El Estado expropia la violencia de los individuos que integran la comunidad que representa y en nombre de esa comunidad él mismo la ejerce. Cuando la violencia sale del marco de la legitimidad y legalidad que se supone encauzan la presencia y el ejercicio del Poder de los mandatarios, surgen esos grotescos extremos de la razón y el terrorismo de Estado que viste justificaciones decoradas con los peligros y atentados a la seguridad. Entonces el discurso del mandatario se vuelve paranoico. Lo acosan las sospechas y los espectros del espanto, al extremo de convertirse en guardian de las operaciones represivas de destrucción de hechiceros, brujos y súbditos insubordinados.
La humanidad ha conocido horribles momentos de esa especie. La palabra Inquisición los nombra a todos. El Estado parece haber nacido al borde de ese abismo, producto de la violencia y arma de esa misma violencia. El siglo XX actualiza todos los horrores de la brutalidad y el desenfreno.
Los contendientes de la guerra fría reclutaron en sus retaguardias demenciales sacrificios por el miedo, al extremo de acarrear a jefes de gobiernos atrasados a la contemplación de sus propios asaltos represivos, exorcismos modernos de las democracias de uno y de otro lado.
Así se gestó la degradación mayor de los aparatos policiales para proteger la vanidad del terror. Allí alcanzó la sima de su descomposición esta ortodoxa violencia.
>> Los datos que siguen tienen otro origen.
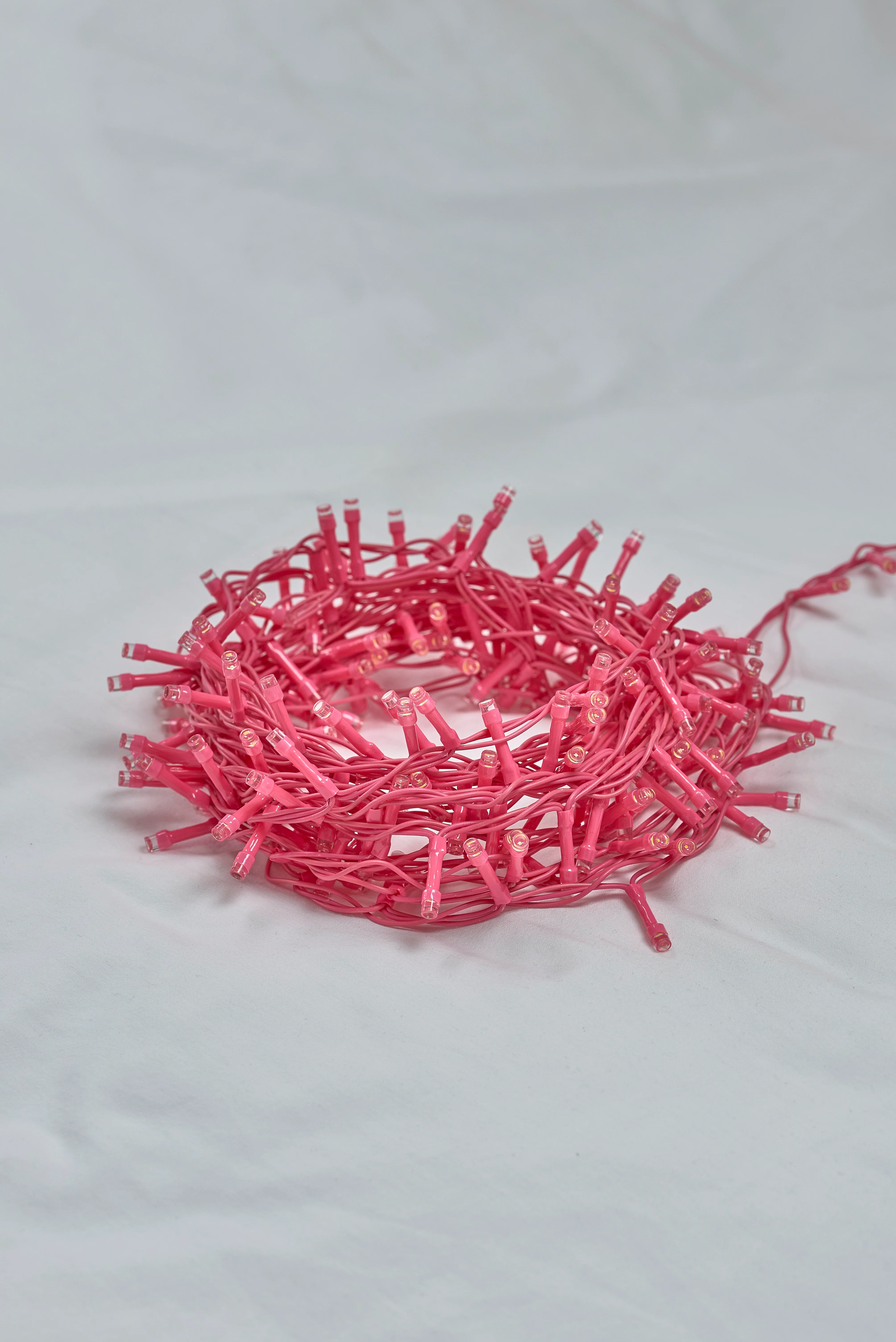 LED Pin Light, Pink (Mains Powered) - Image 9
Ahora, es necesario dotar al individuo de recursos judiciales frente al Estado, establecer prioridad y oralidad procesales en la administración de justicia, indemnizar a los perjudicados, ampliar para estos casos el derecho de petición que prevé la Constitución y la Ley de modernización, promulgar la defensoría del pueblo, crear organismos para-estatales que vigilen las acciones del Estado, cambiar y elevar la formación espiritual y profesional de los aparatos policiales, redefinir el sentido de la disciplina: de la obediencia debida y de la indebida; suprimir el silencio judicial hacedor de falsos inocentes.
Esa infernal política que esta vez no ha sido sancionada ni nombrada, nos recuerda de esas Letanías a Satán de Charles Baudelaire: «La mayor astucia del Diablo es convencernos de que no existe.»
Cuánta razón tiene la oración de la cultura cristiana: lo malo es que el malo exista y no exista la maldad.